豆知識

漢方の目で見る
子どもの体と健康

小児喘息

アレルギー疾患のひとつで、ホコリやダニなどのアレルゲンに対する過敏反応や、風邪による気道の炎症、精神的なストレスなどが引き金になって気道が収縮して起こる気道閉塞の発作です。 もともと気道に過敏性がある子どもがこれらの刺激をうけると、発作をおこしやすいのです。

症状

発作時は、激しい咳と痰、そして気道収縮によるゼーゼーといった喘鳴を伴う呼吸困難が起こります。 重症度は週に幾度も発作を起こす重症例から大きな発作はほとんど起こらないで経過する軽症のものまで、幅があります。 日常的にも喘鳴が出やすく、すぐに息切れがする、痰のからんだ咳をする、といった慢性症状が続く場合もあります。

治療の視点

いかに発作を起こさずに、また、発作が起きても程度が軽く抑えられるようにコントロールすることが一番の目的です。 これは、喘息の症状を重症化させないためにも重要なことですが、それ以外にも子どもが発作のために日常生活に自信を失い、気うつの状態に陥るのを防ぐ為にも大切です。 薬物治療の他に、アレルゲン生活から除去し、それ以外にも気道に対する刺激を避ける生活の注意も必要です。

▼西洋医学の眼
慢性症状の持続の有無や発作の頻度、程度などによって軽症間欠型(ステップ1)、軽症持続型(ステップ2)、中症持続型(ステップ3)、重症持続型(ステップ4)という重症度分類を行い、段階的に治療内容を変えていきます。 軽症のうちは予防的に抗アレルギー薬を継続して服用し、発作時には気管支拡張薬の吸入を行います。 重症度が進んだ場合は、気管支拡張薬の種類や吸引数を増やし、吸入ステロイド薬を定期的に使うこともあります。
成人の喘息の場合は、吸入ステロイドで慢性的な気道炎症を抑えることが治療の第一目標となりますが、小児の場合は、気道炎症はそれほど強くないので、吸入ステロイド薬の評価はまだ定まっていません。 また、成人では重症な発作にステロイド薬の内服も行いますが、子どもでは成長障害をきたすので、出来るだけ避けなければなりません。

▼漢方治療の眼
発作時は西洋薬を中心に症状を抑えるようにします。漢方治療の目的は、虚弱体質を改善したり、アレルギー反応を起こしにくく、風邪をひきにくいからだを作って発作を防ぐといった、全身症状の改善から治癒をはかります。 よく使われる処方は柴朴湯です。抗炎作用があり、胸が重苦しく息苦しい、のどに違和感がある、不安が強いような場合に使われます。
またステロイド依存症(内服ステロイドを使用していないと発作がコントロールできない)症例に併用して、ステロイド薬の減量をはかる目的でも使われることもあります。 この他、咳や痰の症状に合わせて、対症的に処方を加えていきます。

よく使われる漢方処方

柴朴湯:小児喘息には、まずこの処方を使う。神経過敏といった精神面に対しても改善効果が期待できる。
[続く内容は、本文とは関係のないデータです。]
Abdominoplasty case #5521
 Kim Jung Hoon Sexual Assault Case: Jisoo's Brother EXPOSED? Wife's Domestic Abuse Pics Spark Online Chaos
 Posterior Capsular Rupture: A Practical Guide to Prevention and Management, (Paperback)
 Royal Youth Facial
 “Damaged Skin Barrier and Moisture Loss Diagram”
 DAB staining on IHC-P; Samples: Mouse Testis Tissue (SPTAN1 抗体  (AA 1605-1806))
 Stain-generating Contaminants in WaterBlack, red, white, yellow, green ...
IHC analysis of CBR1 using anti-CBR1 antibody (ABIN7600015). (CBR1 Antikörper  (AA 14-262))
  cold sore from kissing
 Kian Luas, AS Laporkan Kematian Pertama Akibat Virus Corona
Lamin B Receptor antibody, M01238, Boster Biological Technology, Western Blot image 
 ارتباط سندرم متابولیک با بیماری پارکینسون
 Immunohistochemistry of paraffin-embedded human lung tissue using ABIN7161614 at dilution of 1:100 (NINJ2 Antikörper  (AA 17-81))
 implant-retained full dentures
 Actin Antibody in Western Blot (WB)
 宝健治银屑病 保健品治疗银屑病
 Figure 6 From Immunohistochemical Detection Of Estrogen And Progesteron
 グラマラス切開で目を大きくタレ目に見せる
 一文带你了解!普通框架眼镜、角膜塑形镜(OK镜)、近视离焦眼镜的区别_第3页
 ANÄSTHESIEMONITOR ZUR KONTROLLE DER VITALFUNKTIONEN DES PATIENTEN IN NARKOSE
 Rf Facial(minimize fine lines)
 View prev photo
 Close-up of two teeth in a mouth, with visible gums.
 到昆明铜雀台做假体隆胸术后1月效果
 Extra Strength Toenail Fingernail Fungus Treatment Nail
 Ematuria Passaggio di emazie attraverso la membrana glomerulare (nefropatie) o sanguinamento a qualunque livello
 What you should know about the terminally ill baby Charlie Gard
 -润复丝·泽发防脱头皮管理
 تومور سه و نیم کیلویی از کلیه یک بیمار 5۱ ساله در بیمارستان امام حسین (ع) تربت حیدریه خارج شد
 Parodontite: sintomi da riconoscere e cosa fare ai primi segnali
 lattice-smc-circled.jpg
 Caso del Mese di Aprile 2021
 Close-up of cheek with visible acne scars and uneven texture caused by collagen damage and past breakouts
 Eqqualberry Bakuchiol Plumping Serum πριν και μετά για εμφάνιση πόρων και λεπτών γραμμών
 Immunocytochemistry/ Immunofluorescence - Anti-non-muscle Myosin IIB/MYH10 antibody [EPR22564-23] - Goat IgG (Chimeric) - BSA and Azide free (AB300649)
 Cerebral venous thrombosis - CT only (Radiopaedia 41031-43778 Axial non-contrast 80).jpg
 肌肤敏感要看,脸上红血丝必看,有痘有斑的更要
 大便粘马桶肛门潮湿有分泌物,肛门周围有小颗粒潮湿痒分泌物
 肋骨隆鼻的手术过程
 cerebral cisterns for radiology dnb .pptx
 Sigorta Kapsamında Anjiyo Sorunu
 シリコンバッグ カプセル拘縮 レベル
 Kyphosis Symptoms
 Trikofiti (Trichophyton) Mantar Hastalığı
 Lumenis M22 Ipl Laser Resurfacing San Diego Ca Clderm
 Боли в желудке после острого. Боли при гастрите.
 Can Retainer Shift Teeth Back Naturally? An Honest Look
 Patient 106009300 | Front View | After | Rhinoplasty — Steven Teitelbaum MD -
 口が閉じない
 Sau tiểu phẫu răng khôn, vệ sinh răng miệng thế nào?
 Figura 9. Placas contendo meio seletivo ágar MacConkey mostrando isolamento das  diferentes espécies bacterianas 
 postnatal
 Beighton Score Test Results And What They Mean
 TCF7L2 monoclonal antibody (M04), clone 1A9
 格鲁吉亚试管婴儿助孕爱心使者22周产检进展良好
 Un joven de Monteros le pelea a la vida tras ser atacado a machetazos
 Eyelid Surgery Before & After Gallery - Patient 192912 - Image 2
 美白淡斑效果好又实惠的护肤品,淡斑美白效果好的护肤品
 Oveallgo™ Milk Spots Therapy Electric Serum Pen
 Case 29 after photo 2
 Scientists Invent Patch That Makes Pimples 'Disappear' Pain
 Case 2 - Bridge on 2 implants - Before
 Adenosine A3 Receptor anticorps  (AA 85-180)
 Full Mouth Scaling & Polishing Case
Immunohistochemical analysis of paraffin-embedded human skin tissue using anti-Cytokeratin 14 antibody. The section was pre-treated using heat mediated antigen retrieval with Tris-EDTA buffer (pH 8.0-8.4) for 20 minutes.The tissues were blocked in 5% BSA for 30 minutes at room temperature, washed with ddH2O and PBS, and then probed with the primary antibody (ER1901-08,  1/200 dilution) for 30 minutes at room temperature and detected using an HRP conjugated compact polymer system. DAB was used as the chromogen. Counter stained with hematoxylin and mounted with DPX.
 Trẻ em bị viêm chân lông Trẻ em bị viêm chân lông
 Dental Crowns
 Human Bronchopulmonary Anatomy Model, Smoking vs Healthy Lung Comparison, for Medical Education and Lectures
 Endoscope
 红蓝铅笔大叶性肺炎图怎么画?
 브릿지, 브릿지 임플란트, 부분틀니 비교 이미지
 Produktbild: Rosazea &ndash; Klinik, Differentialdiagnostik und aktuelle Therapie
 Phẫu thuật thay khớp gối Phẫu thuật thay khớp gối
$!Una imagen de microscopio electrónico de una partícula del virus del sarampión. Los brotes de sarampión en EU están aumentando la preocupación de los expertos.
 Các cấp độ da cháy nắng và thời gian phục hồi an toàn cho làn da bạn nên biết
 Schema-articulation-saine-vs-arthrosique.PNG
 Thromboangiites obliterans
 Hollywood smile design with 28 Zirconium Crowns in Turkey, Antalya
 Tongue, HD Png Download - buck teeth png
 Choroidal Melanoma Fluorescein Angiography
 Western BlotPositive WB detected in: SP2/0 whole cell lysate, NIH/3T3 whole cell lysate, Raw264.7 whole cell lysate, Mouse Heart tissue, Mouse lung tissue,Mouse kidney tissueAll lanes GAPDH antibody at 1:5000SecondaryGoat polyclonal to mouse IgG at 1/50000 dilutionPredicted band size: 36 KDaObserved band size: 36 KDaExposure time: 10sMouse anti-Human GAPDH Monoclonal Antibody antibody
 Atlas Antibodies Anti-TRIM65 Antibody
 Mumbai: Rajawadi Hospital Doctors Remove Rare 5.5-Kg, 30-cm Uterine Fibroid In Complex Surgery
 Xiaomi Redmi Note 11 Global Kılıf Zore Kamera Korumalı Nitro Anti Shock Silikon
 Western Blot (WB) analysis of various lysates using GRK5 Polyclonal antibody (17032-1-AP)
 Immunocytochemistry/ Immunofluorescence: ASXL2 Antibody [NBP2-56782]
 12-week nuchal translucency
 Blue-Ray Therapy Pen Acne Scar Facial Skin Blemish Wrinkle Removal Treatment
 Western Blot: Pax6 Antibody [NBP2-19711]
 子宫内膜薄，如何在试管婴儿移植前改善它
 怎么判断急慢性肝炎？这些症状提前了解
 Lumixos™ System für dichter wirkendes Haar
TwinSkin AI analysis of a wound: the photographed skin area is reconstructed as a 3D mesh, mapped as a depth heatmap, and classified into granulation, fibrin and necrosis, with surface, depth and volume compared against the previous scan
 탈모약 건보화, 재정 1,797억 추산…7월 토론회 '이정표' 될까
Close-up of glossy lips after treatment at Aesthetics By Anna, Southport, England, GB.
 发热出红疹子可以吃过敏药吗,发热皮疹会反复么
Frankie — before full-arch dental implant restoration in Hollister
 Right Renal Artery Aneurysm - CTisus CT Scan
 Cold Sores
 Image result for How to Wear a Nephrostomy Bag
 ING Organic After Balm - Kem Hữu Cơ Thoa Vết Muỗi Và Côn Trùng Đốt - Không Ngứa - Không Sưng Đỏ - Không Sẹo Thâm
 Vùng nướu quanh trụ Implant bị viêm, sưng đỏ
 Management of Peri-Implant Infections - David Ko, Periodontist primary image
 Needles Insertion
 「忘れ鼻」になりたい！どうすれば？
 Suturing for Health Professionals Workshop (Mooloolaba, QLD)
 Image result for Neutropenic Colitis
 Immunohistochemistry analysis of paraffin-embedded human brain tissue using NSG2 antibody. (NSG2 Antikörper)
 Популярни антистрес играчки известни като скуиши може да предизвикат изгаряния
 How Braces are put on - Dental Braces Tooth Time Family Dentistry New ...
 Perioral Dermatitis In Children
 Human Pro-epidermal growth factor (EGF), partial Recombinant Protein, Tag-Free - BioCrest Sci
小青竜湯:薄い鼻水やくしゃみを連発するような、鼻アレルギーを伴い、透明な痰が多いタイプに。

小建中湯:虚弱体質、手足が冷たく、顔色がよくないタイプに、体質改善を目的に使う。

補中益気湯:小建中湯と同様に、虚弱体質改善に使う。夏に体調を崩して発作が強く出るタイプに特に効果が期待される。

麻杏甘石湯:比較的元気で血色のいい子どもで、咳き込みやすい症例に。ゼイゼイいう乳幼児の喘息性気管支炎や、軽症の発作にも効くことがある。

※麻杏甘石湯や小青竜湯などに含まれる麻黄は、体質の違いによって食欲不振やアトピー性皮膚炎の悪化などを引き起こすので使い方には注意します。